Giresun’da tempolu ama bol pas hatalarıyla başlıyor oyun. Her iki takım da alan daraltıyor, pres yapıyor, hızlı hücuma kalkıyor. Karşılıklı baskı olunca ve hızla gol peşinde koşunca, kalitesi tartışılır olsa da heyecanlı bir oyun çıkıyor ortaya. Bu dakikalarda Beşiktaş’ın dönen topları çokça kaptırması sonuca gitmesini engelliyor. 

Ayrıca çabuk oynama isteği, gereksiz anlardaki hız merakı da top kaybına yol açıyor.

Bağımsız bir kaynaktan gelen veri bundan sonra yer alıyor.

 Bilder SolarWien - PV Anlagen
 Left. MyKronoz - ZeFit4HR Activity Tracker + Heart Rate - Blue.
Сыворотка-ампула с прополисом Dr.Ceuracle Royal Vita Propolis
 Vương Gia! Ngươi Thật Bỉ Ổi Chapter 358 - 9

Tabii bir de final paslarının yetersizliği var. Valerien Ismael ile bu 3. maç. Ve yine aynı kadroyla, aynı dizilişle sahada Kartal. Üçlü savunmada sadece cezalı Welinton’un yerini Necip almış. İlk 2 haftaya göre topa sahip olma oranı da yüksek bu kez Siyah-Beyazlıların. 

İlk yarı en önemli fırsatı Batshuayi ile yakalıyorlar ama kaleci Okan’ın ayağından dönüyor top. Sonra 44’te Ghezzal’ın uzaktan harika bir vuruşu var ki onu da yine Okan çıkarıyor. İkinci yarı da heyecanlı başlıyor. Beşiktaş korner atışı kontratağa dönüyor ama Giresun bunu değerlendiremiyor. Ardından Vida’nın rakibe -yanlışlıkla- attığı gol pasını da değerlendiremiyor. Dakikalar ilerliyor ama Beşiktaş’ın onca korner atışı, ceza alanı organizasyonu gol getirmiyor. 56’da Pjanic ve N’Koudou giriyor oyuna, çok etkisiz kalan Teixeira ile Can çıkıyor.

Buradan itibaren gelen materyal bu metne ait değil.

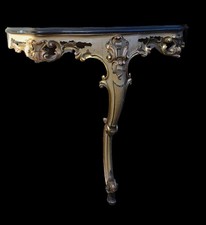 Mensola consolle antica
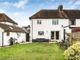 Thumbnail Semi-detached house for sale in Manor Way, Egham, Surrey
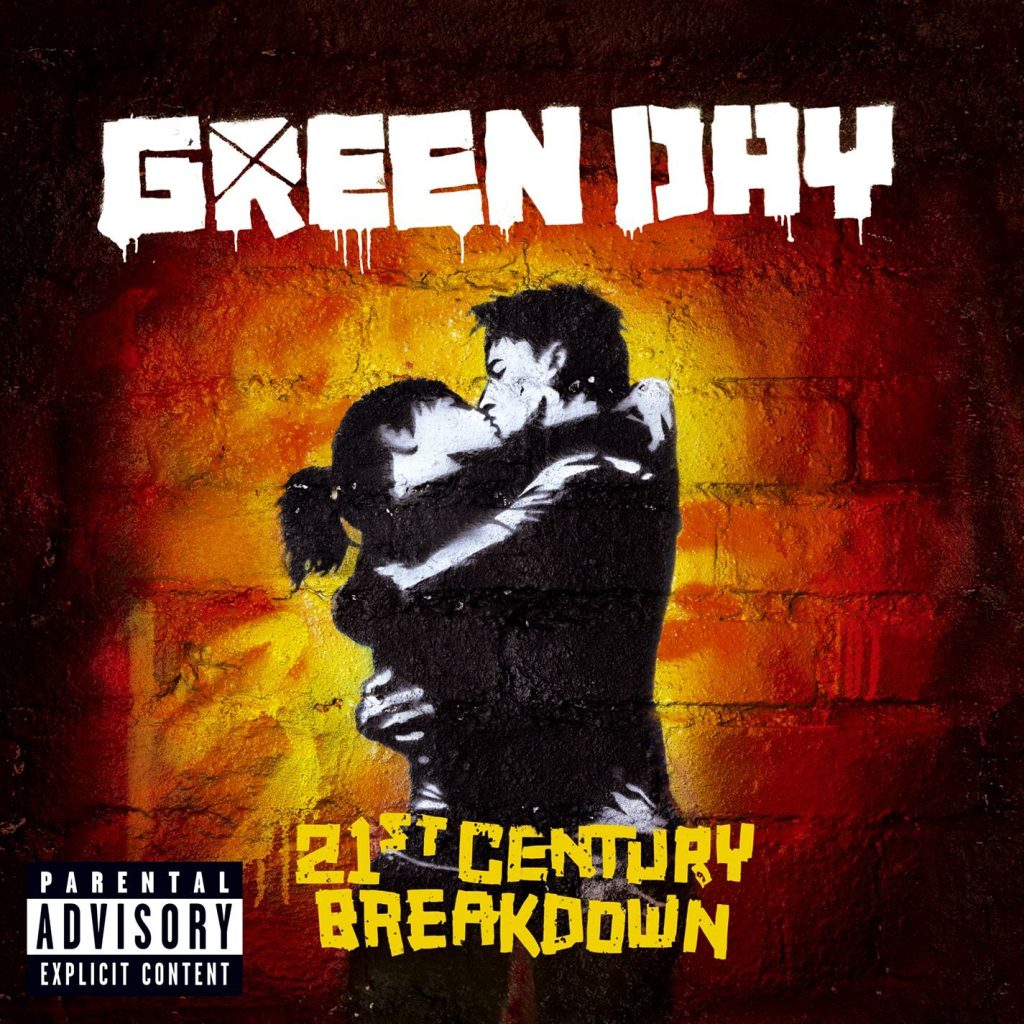 Green Day – 21st Century Breakdown (Édition Studio Masters)Ⓔ【96kHz／24bit】法国区-OppsUpro音乐帝国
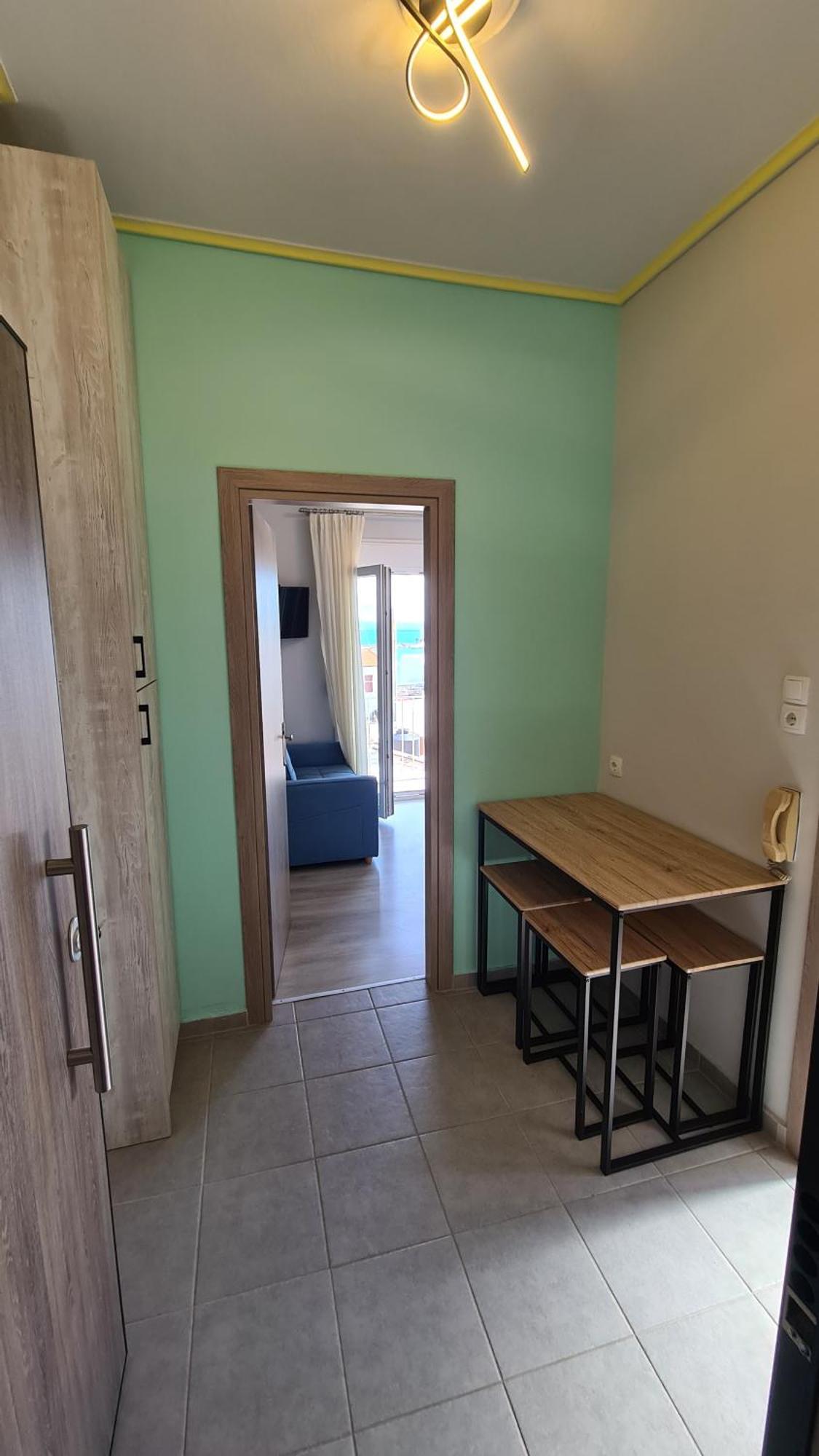 Λιμανι Apartment Chios Town Exterior photo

Daha sonra da Umut ve Güven’i alıyor oyuna Ismael, Batshuayi ile Rıdvan’ı çıkarıyor. Kartal son dakikalara  girerken baskısını daha da artırıyor. Ama bu kurulan yoğun baskıya rağmen gol gelmiyorsa Ismael’in de Beşiktaş’ın da yapacağı çok iş var demek.